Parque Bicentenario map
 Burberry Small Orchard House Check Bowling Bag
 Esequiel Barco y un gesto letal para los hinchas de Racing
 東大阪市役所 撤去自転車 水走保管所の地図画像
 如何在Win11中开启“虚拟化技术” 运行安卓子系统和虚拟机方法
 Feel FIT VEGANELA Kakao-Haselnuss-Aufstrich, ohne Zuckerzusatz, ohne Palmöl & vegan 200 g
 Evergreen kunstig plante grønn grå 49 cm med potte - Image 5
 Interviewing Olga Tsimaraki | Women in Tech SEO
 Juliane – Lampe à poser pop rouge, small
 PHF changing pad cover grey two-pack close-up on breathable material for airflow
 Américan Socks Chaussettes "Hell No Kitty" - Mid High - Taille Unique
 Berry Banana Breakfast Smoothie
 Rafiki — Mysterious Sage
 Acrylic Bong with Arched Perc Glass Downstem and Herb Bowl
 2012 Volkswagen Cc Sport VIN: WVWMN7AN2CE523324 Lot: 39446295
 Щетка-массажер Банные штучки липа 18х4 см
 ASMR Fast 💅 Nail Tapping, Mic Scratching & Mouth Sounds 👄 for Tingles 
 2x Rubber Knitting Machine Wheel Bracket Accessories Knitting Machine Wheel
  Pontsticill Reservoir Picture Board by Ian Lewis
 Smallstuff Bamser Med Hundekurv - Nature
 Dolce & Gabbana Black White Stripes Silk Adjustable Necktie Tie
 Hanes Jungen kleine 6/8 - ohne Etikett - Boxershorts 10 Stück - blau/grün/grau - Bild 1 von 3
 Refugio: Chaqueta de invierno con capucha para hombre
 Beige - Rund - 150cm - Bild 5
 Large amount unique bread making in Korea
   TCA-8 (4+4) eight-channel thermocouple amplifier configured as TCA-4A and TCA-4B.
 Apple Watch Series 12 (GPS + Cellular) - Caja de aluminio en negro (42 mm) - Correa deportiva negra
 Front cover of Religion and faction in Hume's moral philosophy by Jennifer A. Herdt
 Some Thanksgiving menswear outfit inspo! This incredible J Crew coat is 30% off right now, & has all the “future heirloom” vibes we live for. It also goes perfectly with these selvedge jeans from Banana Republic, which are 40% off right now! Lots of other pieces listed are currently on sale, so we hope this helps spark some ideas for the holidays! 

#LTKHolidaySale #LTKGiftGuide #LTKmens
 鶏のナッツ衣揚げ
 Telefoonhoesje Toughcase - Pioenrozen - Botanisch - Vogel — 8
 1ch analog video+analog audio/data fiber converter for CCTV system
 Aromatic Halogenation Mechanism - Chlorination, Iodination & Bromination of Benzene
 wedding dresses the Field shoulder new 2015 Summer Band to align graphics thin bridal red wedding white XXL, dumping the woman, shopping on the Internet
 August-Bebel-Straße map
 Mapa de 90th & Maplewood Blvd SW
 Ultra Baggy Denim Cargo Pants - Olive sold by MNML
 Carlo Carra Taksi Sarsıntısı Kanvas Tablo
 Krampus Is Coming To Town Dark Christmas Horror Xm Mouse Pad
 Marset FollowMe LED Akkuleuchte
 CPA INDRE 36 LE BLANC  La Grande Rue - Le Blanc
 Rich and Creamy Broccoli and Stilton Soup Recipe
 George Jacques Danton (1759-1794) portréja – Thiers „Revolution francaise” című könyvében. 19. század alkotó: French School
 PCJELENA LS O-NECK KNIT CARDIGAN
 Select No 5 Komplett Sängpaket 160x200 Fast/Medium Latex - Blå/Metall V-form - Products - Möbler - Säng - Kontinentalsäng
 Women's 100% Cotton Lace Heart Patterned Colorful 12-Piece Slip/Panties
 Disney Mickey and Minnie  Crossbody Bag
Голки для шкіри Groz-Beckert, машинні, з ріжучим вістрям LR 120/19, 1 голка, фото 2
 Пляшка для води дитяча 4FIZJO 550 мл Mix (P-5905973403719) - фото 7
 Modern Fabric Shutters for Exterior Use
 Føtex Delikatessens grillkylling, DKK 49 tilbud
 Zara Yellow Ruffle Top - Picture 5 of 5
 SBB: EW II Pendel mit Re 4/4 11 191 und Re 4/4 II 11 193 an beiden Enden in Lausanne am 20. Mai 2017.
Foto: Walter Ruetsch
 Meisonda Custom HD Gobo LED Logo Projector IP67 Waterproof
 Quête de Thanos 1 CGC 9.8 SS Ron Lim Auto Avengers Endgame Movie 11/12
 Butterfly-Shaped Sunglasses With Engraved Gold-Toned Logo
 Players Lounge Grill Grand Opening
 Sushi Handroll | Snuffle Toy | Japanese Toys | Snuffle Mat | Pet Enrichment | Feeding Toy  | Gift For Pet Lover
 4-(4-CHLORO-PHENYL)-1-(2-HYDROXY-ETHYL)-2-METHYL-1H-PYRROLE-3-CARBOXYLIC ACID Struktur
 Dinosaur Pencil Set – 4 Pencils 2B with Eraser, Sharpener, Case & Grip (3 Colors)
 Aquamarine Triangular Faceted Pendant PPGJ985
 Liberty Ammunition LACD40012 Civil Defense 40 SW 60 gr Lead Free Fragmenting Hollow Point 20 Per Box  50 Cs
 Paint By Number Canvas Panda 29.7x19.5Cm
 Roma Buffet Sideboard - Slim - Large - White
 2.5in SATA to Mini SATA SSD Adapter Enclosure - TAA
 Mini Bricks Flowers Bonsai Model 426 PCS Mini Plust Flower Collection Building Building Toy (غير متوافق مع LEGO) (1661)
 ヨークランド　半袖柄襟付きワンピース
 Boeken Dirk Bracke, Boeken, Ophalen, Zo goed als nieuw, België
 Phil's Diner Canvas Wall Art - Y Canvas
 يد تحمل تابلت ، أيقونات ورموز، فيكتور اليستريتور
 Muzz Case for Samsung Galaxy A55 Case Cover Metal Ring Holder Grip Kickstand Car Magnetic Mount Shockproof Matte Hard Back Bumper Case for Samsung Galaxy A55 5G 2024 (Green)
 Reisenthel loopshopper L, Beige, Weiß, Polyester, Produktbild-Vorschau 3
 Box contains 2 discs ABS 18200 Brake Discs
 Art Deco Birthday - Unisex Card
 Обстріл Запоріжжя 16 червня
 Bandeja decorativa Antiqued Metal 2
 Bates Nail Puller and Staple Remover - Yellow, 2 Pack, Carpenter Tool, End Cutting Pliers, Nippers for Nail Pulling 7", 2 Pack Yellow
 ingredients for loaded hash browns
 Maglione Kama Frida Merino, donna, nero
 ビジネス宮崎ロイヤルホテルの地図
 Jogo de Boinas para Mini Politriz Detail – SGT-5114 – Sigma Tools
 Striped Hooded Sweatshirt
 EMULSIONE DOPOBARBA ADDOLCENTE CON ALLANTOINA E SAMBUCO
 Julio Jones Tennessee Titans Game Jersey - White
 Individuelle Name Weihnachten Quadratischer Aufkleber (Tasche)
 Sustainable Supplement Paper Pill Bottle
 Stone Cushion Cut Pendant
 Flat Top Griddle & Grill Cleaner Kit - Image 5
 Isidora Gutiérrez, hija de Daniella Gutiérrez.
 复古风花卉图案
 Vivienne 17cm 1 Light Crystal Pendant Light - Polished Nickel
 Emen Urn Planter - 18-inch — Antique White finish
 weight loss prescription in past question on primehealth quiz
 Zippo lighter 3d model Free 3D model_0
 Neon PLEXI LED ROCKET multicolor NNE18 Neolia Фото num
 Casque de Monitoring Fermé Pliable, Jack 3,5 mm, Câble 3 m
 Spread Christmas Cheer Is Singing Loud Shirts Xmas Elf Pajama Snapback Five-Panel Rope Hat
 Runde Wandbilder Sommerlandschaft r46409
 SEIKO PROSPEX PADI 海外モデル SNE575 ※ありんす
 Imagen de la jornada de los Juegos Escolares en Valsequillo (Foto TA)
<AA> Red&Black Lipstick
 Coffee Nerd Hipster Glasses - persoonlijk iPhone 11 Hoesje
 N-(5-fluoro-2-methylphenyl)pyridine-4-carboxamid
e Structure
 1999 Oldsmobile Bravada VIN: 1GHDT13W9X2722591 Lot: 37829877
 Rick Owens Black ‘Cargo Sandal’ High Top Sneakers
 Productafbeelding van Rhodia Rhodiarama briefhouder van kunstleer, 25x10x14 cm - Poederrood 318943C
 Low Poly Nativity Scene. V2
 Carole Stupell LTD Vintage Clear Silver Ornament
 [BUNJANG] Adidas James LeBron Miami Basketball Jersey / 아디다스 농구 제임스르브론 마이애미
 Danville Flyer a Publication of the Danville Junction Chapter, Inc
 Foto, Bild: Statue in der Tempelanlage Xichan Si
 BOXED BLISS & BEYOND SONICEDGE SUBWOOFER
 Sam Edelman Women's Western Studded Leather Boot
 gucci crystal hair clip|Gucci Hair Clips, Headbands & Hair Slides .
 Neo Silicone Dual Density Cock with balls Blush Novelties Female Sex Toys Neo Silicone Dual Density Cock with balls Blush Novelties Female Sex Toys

☆ ☆ ☆

Your output must be the lines of the material above, from the first through the line that contains "PHF changing pad", copied exactly. Include both endpoints and nothing else.

Parque Bicentenario map
 Burberry Small Orchard House Check Bowling Bag
 Esequiel Barco y un gesto letal para los hinchas de Racing
 東大阪市役所 撤去自転車 水走保管所の地図画像
 如何在Win11中开启“虚拟化技术” 运行安卓子系统和虚拟机方法
 Feel FIT VEGANELA Kakao-Haselnuss-Aufstrich, ohne Zuckerzusatz, ohne Palmöl & vegan 200 g
 Evergreen kunstig plante grønn grå 49 cm med potte - Image 5
 Interviewing Olga Tsimaraki | Women in Tech SEO
 Juliane – Lampe à poser pop rouge, small
 PHF changing pad cover grey two-pack close-up on breathable material for airflow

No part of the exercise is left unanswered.